Melda SARIMAN1, Burcu SALMAN YAYLAZ1, Aysegul YABACI TAK2, Mesut AYER1, Sema SIRMA EKMEKCI3, Ilknur SUER4, Kivanc CEFLE4, Sukru PALANDUZ4, Sukru OZTURK4, Meliha NALCACI5, Neslihan ABACI1
1Istanbul University, Aziz Sancar Institute of Experimental Medicine, Department of Genetics, Istanbul, Turkey
2Bezmialem Vakif University, Faculty of Medicine, Department of Biostatistics and Medical Informatics, Istanbul, Turkey
3University of Health Sciences, Istanbul Haseki Training and Research Hospital, Clinical Hematology, Istanbul, Turkey
4Istanbul University, Istanbul Faculty of Medicine, Department of Internal Medicine, Division of Medical Genetics, Istanbul, Turkey
5Istanbul University, Istanbul Faculty of Medicine, Department of Internal Medicine Division of Hematology, Istanbul, Turkey
Keywords: DNAJC1, Biomarker, Multiple myeloma, MGUS, Plasma cell dyscrasias
Plasma cell dyscrasias (PCD) are a heterogeneous group of hematological diseases. The TMED9, KDELR1, DNAJC1, COPE, and LMAN2 genes identified from our transcriptome data are highly importance and specific. We determined the protein-protein interactions of these genes in STRING v11.5 higher than expected (PPI enrichment p value 1.71e-06).
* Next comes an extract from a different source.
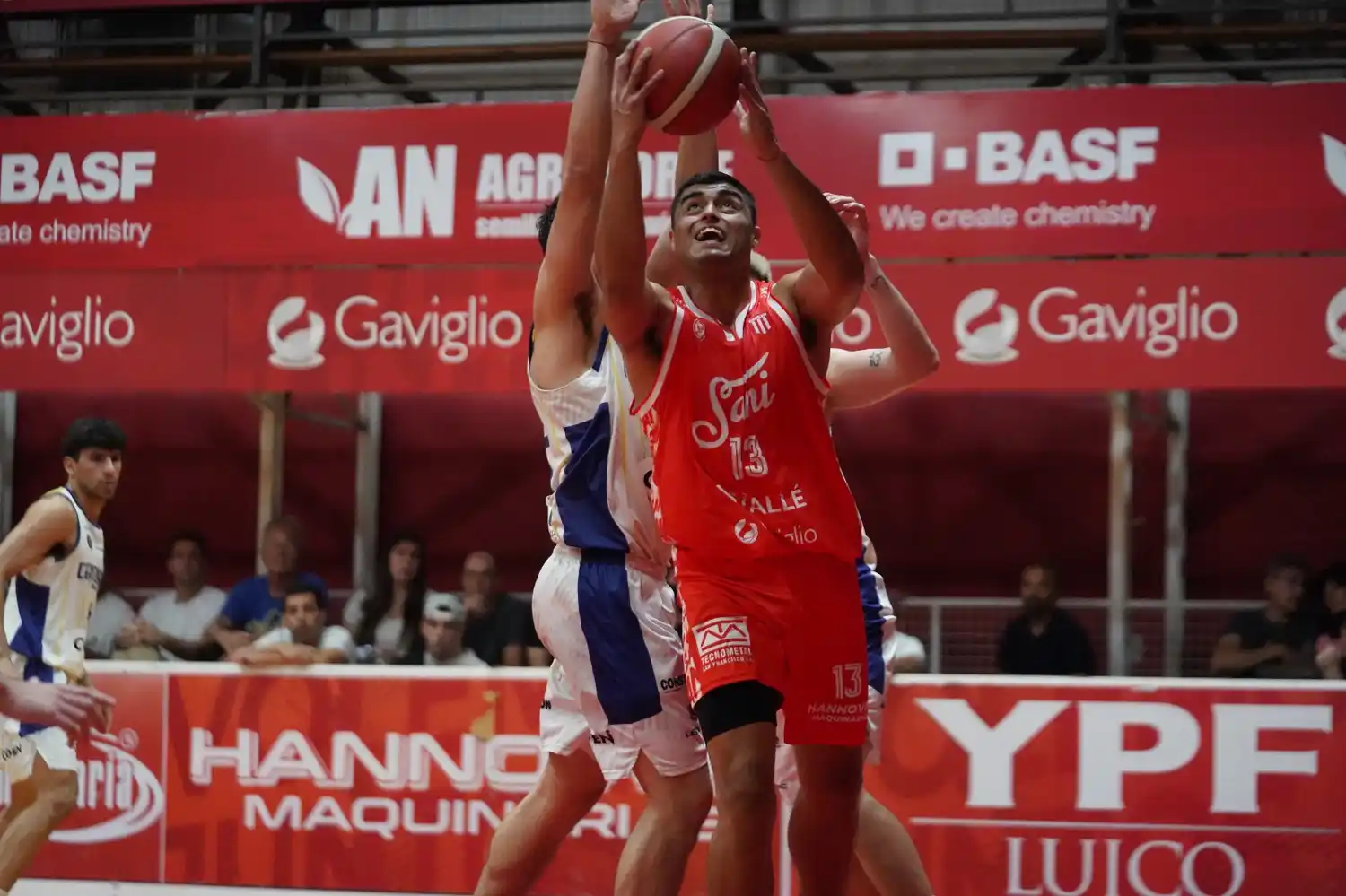 Nicolás Álvarez tendrá otra dura lucha debajo de los acrílicos.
We evaluated the prognostic biomarker
status of these genes in PCD by quantitative method (qRT-PCR) of 38 Multiple Myeloma (MM), 23 Monoclonal Gammopathy of Undetermined Significance (MGUS) and 16 control groups. We found significant gene expression levels increase among these three study groups of these genes (p< 0.001). As a single marker, DNAJC1 exhibited the best ability for discriminating MM from MGUS
(AUC= 83%) and MM from control (AUC= 88.7%). In addition to this, the combination of five genes exhibited the highest efficacy of discriminating MM from the control (AUC= 90.90%). The combination of KDELR1, COPE, TMED9 and DNAJC1 exhibited the best ability to discriminate MM group from MGUS group (AUC= 86.80%). In conclusion, we showed that DNAJC1 alone, as well as the
combination of other selected genes, can be valuable targets in the pathogenesis of myeloma. These new biomarkers have been evaluated for the first time in PCD and we think they will contribute to the discovery of potential anti-myeloma therapeutic targets in the future.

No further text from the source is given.